This exhibition presents the work of three artists: Fabiola Burgos Labra, Ulrike Rehm, and Marija Rinkevičiūtė. They explore the boundaries of painting and sculpture.
Rehm and Rinkevičiūtė create encaustics using a technique in which hot wax is applied layer by layer with different pigments. It resembles painting, yet in Rinkevičiūtė’s works the underlying medium—linen, plaster, cardboard, or wood—is often curled, folded, and only partially visible, while in Rehm’s wax paintings her fingerprints sometimes remain in the surface. Fabiola Burgos Labra crochets around the soft bodies of fruit and vegetables. As they decay, the fruit paints the textile from within. This time the fruits hang, like digüeñes, an edible mushroom from Southern Chile, on copper pipes.

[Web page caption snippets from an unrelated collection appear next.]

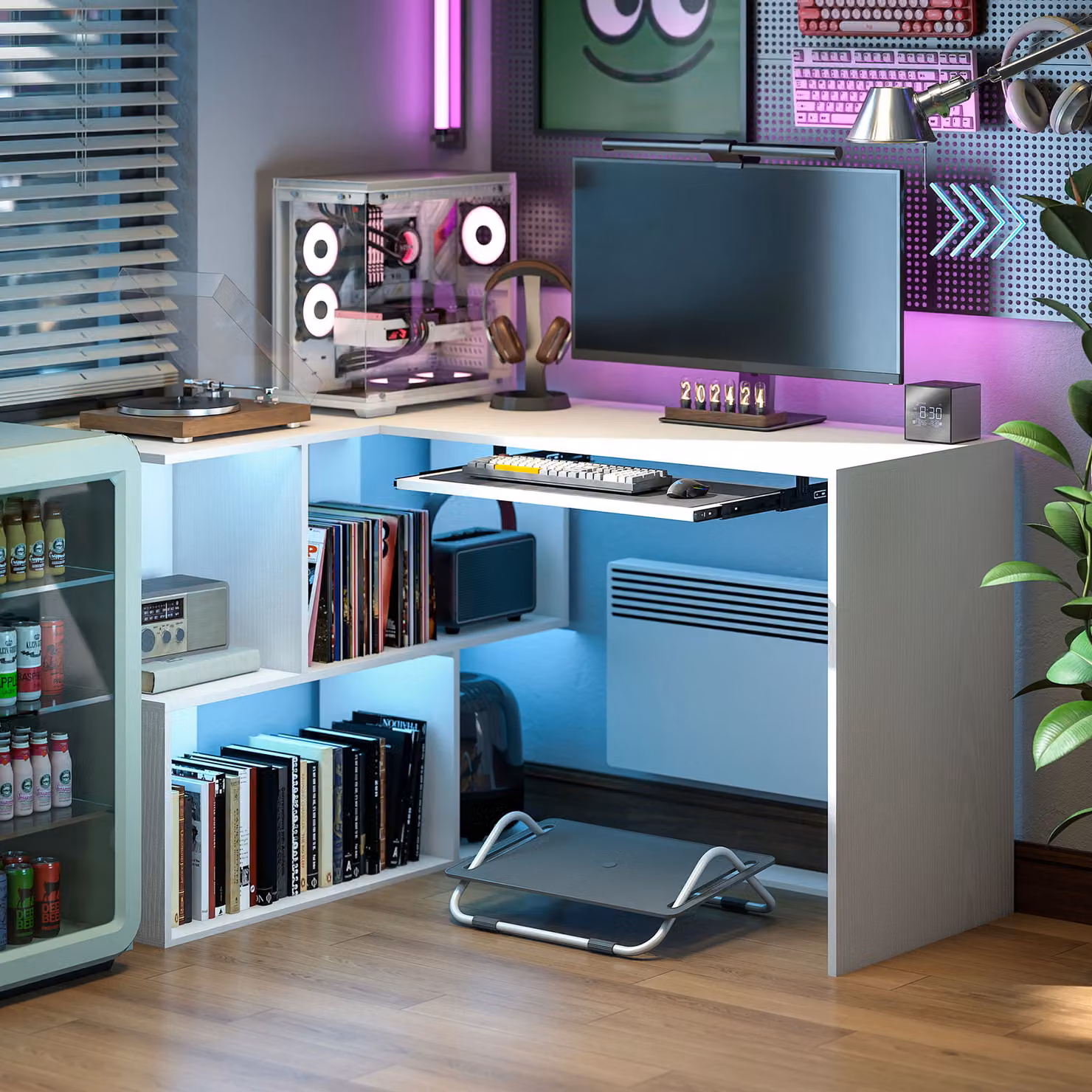 HOMCOM L-Shaped Corner Computer Desk with Keyboard Tray and Open Shelves, White Wood Effect, W/D/H: 120 x 27.5 x 76 cm – 6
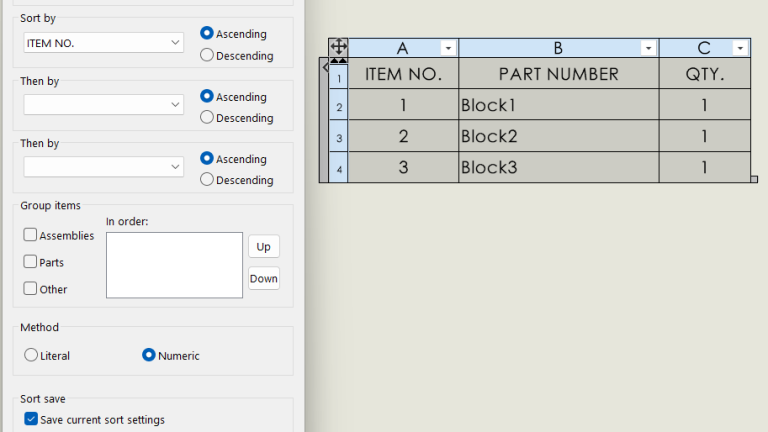 How to Sort a Bill of Materials and Save Settings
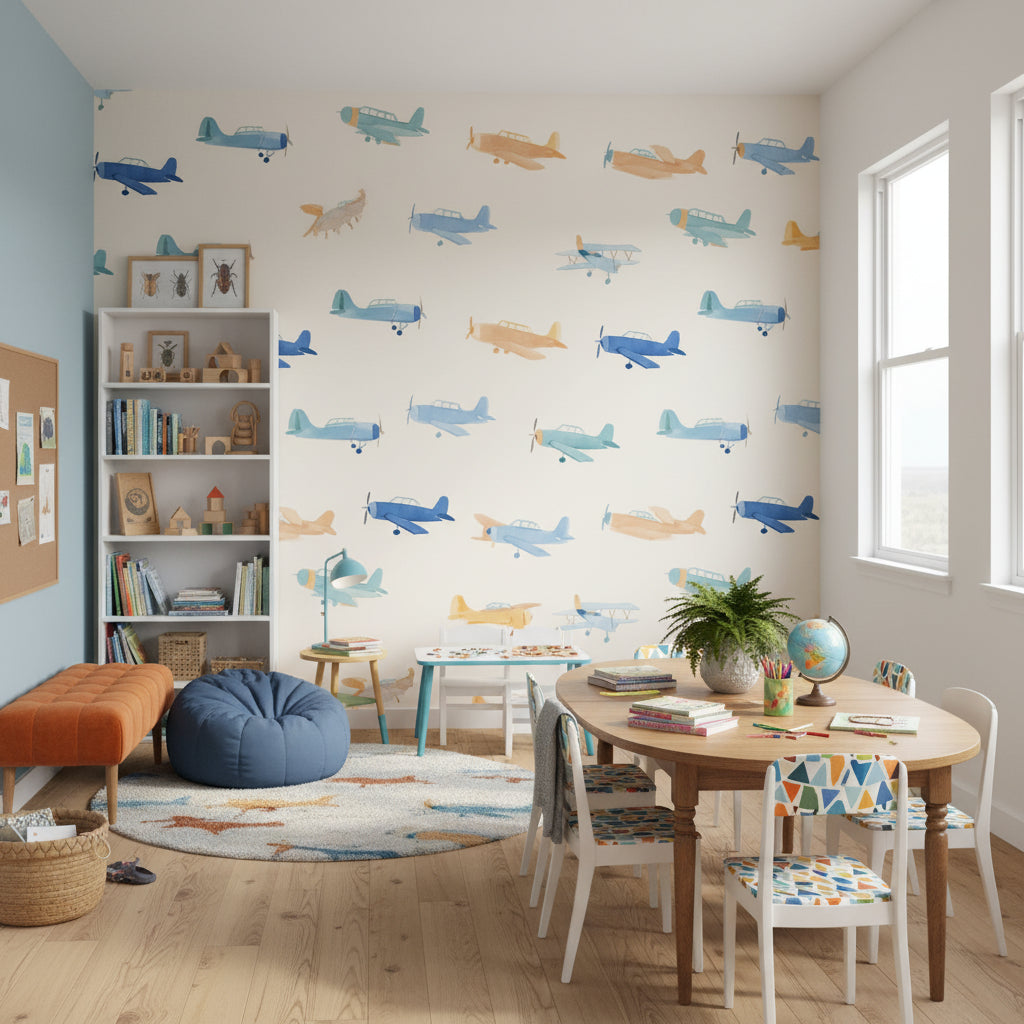 Cream and Blue Cartoon Airplanes Kids Wallpaper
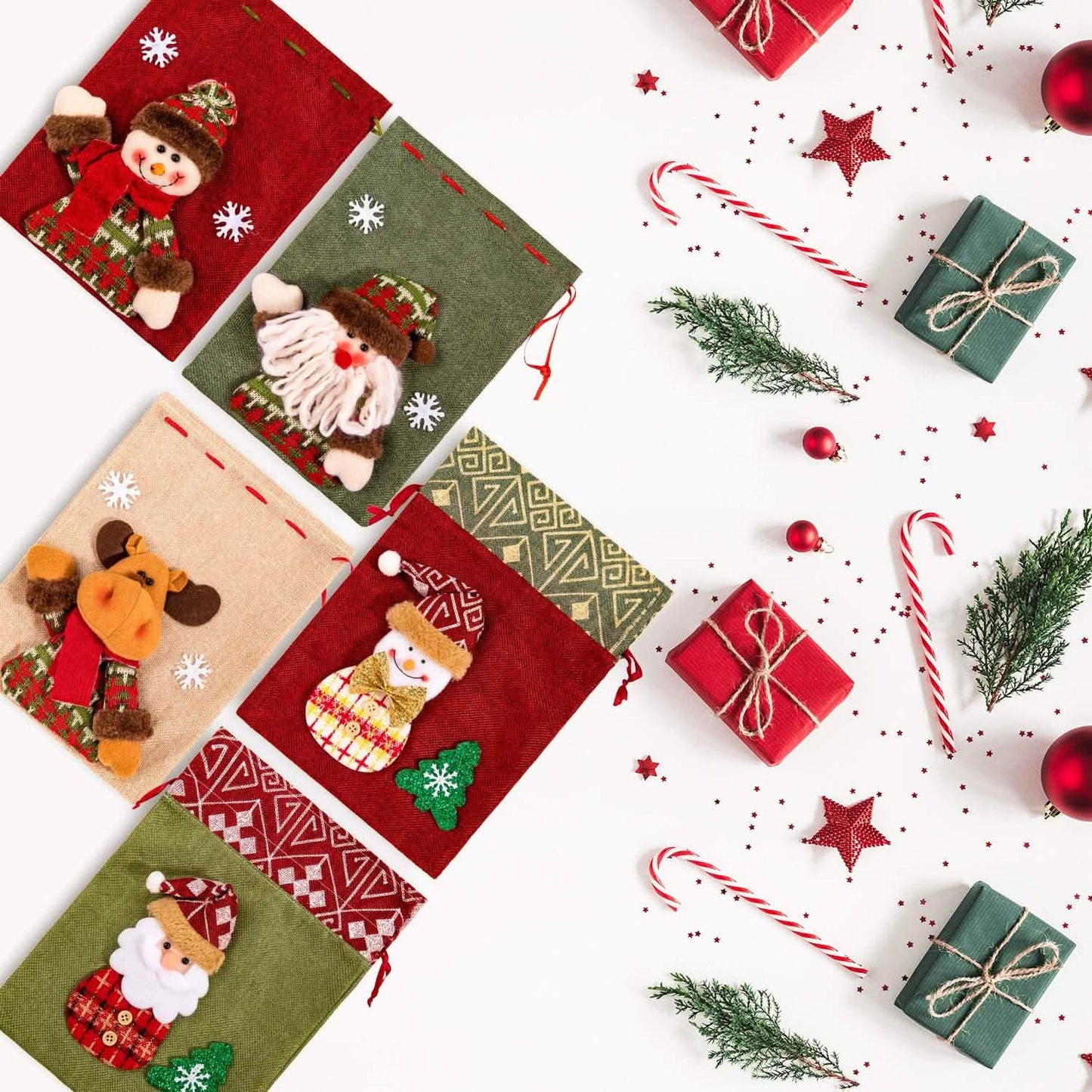 5er-Pack: Geschenksäckchen Weihnachten mit Kordelzug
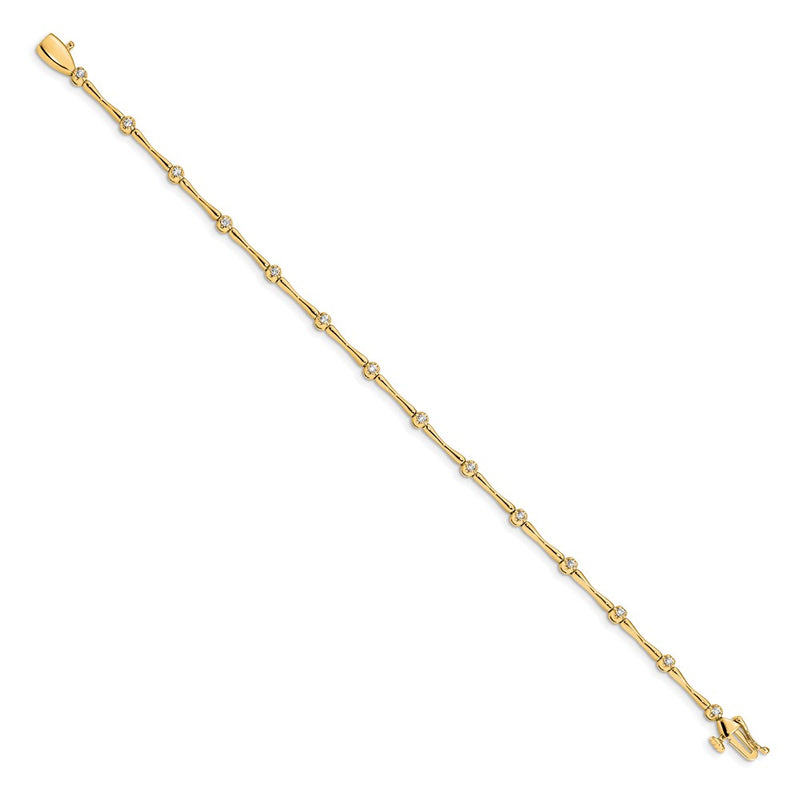 14K Yellow Gold Polished Complete 1/4 carat Diamond and Bar Link 7 Inch Bracelet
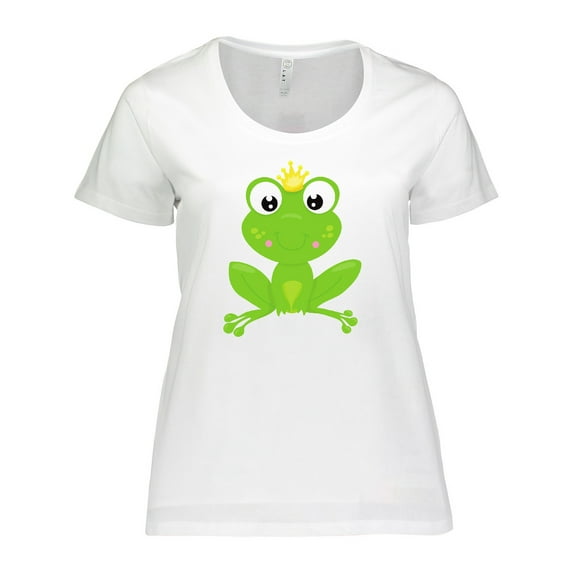 Inktastic Frog Prince, Cute Frog, Frog With A Crown Women's Plus Size T-Shirt
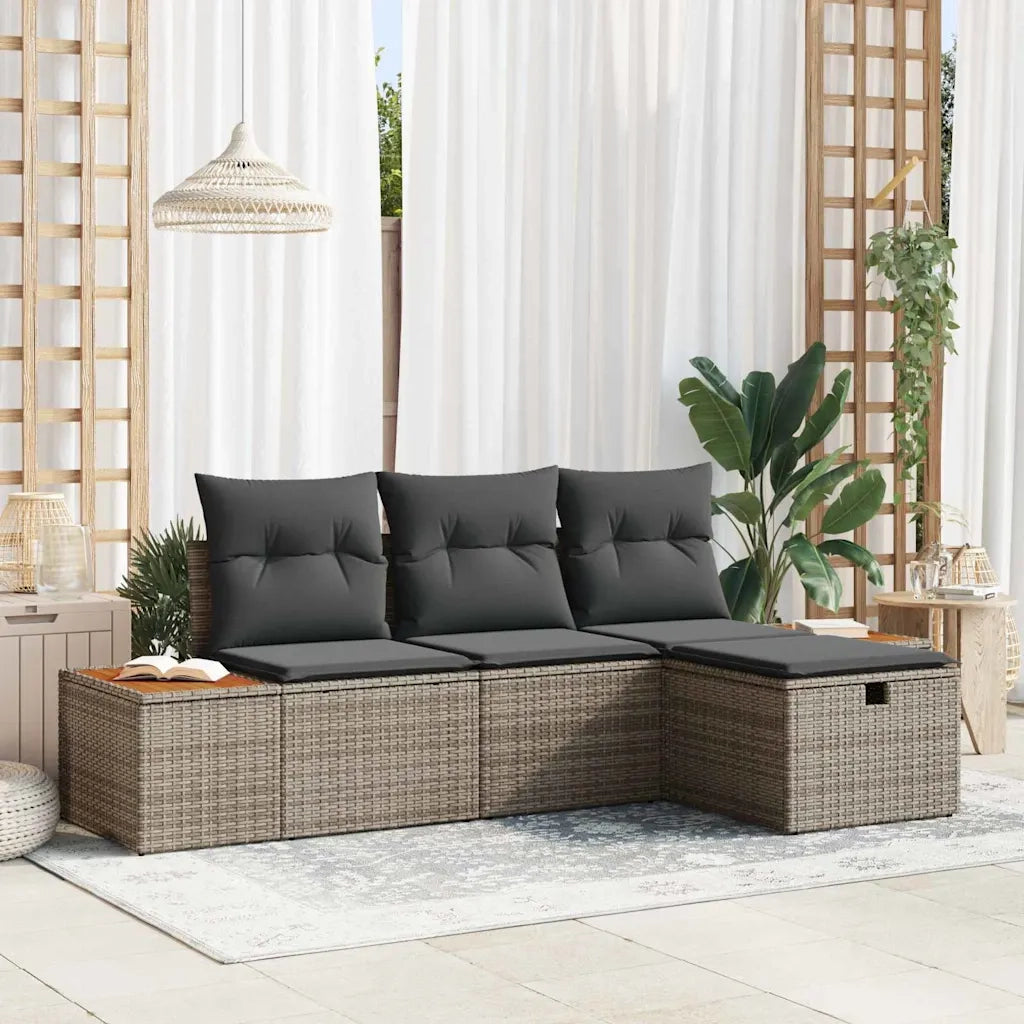 Set Divano da Giardino con cuscino 4 pcs Grigio polyrattan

All of them draw on poetry in their working methods. For example, Burgos Labra’s work Tengo a mi cargo 16 gatos, yo cuido solo a uno que se llama Pedro consists of a branch assembled from various small sticks she collected during a walk in Ghent. Just like the branch, the title of the work was carefully composed. Burgos Labra shuffled cut-out snippets of words until she arrived at the title which, translated from Spanish, reads: “I am responsible for sixteen cats, but I take care for only one named Pedro.” This is an example of a shared approach in which an unexpected combinations of different media are made, while the final result is carefully composed.